### Dataset content:
◇ ◇ ◇ ◇ ◇ ◇ ◇

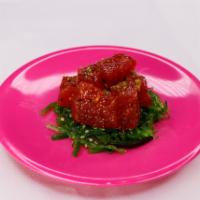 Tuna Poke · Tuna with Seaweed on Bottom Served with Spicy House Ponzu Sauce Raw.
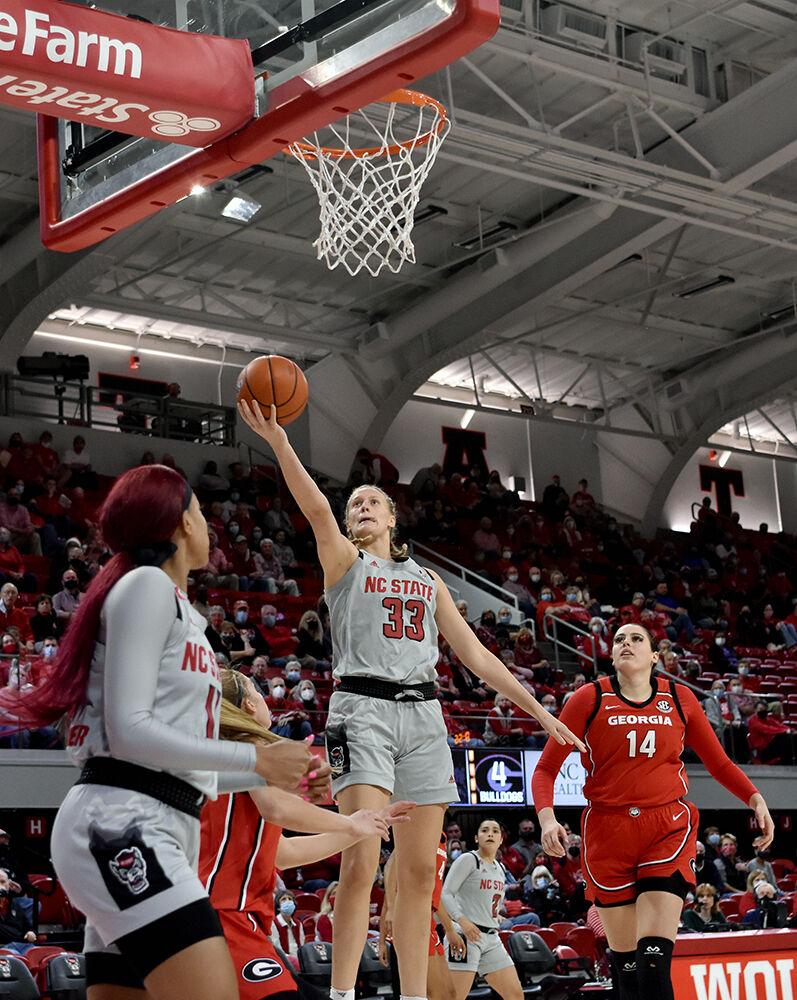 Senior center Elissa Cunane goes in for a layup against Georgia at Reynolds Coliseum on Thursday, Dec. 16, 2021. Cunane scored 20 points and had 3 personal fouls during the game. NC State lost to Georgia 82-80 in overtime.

◇ ◇ ◇ ◇ ◇ ◇ ◇

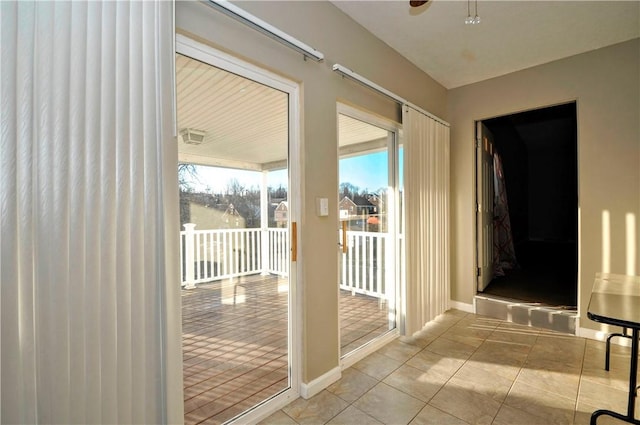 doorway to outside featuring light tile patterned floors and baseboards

◇ ◇ ◇ ◇ ◇ ◇ ◇

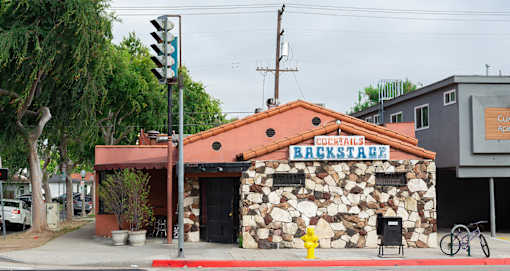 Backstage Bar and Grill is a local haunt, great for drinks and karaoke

◇ ◇ ◇ ◇ ◇ ◇ ◇

### What is required:
Look above for the line containing "Tuna Poke ·" and the line containing "Senior center Elissa", then reproduce both and everything between them exactly, pictures omitted.

### Completed task:
 Tuna Poke · Tuna with Seaweed on Bottom Served with Spicy House Ponzu Sauce Raw.
 Senior center Elissa Cunane goes in for a layup against Georgia at Reynolds Coliseum on Thursday, Dec. 16, 2021. Cunane scored 20 points and had 3 personal fouls during the game. NC State lost to Georgia 82-80 in overtime.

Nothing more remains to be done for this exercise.